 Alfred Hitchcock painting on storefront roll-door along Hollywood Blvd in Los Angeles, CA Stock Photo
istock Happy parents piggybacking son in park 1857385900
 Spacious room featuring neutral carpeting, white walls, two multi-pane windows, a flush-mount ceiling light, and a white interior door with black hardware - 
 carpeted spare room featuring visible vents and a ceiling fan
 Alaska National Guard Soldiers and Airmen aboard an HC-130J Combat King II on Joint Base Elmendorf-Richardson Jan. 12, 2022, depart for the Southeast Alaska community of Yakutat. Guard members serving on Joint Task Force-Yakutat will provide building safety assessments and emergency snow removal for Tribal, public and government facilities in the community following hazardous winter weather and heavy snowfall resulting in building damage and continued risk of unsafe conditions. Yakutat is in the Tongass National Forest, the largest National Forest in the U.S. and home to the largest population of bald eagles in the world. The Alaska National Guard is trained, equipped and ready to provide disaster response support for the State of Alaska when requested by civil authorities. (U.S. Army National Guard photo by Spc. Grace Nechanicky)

--

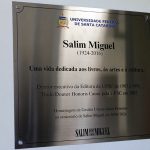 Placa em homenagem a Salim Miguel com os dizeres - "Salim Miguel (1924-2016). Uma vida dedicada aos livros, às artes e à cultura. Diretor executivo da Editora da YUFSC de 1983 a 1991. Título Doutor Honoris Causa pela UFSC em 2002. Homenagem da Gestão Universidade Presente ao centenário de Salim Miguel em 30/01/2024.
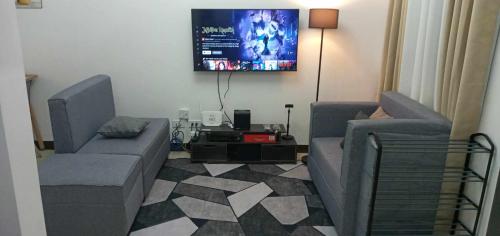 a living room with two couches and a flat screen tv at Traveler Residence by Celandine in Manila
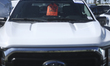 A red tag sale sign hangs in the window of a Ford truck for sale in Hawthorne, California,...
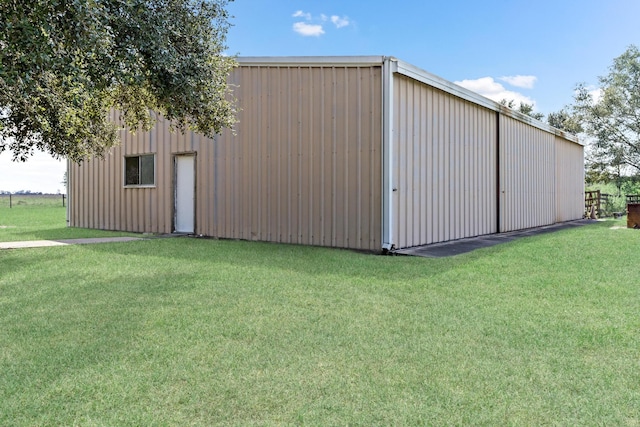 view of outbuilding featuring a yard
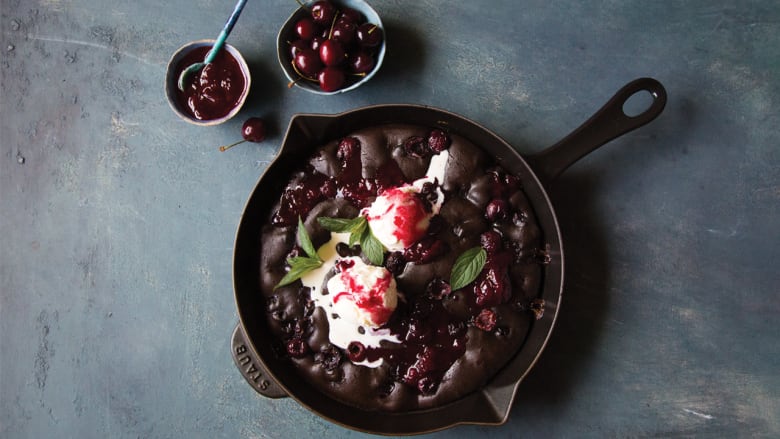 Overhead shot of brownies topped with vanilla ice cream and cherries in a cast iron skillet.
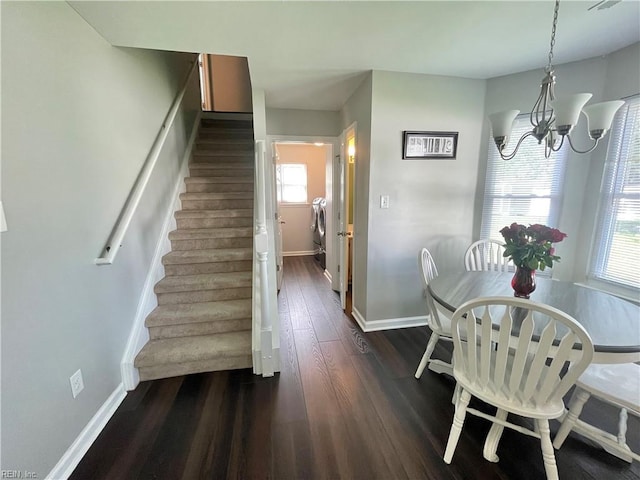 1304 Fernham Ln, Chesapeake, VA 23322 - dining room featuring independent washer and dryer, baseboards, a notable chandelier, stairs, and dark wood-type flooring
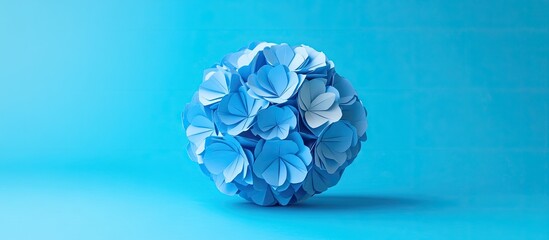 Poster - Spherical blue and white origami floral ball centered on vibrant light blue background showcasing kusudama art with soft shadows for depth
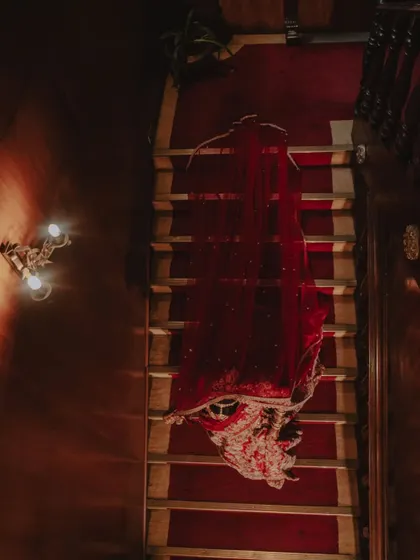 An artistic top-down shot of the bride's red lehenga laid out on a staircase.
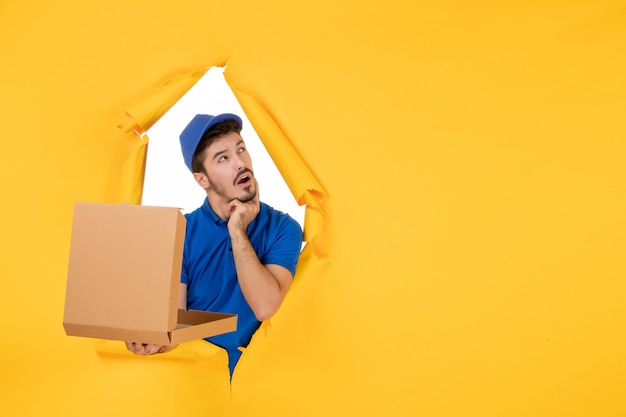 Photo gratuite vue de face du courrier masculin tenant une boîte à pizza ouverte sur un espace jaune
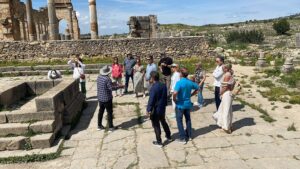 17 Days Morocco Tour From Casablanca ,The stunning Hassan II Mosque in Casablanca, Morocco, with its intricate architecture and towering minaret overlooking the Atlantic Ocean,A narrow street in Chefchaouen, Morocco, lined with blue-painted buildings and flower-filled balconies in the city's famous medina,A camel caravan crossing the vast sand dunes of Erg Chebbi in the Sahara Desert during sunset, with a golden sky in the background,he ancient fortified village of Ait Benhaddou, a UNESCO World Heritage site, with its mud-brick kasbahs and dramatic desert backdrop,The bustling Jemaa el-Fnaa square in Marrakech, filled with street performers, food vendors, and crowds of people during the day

...

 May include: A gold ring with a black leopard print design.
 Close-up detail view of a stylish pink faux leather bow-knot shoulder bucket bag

→ ACTIVITY
Reproduce exactly the stretch of the material above that starts at the line with "Alfred Hitchcock painting" and ends at the line with "Spacious room featuring", both included, and nothing else.

→ TASK RESPONSE
 Alfred Hitchcock painting on storefront roll-door along Hollywood Blvd in Los Angeles, CA Stock Photo
istock Happy parents piggybacking son in park 1857385900
 Spacious room featuring neutral carpeting, white walls, two multi-pane windows, a flush-mount ceiling light, and a white interior door with black hardware - 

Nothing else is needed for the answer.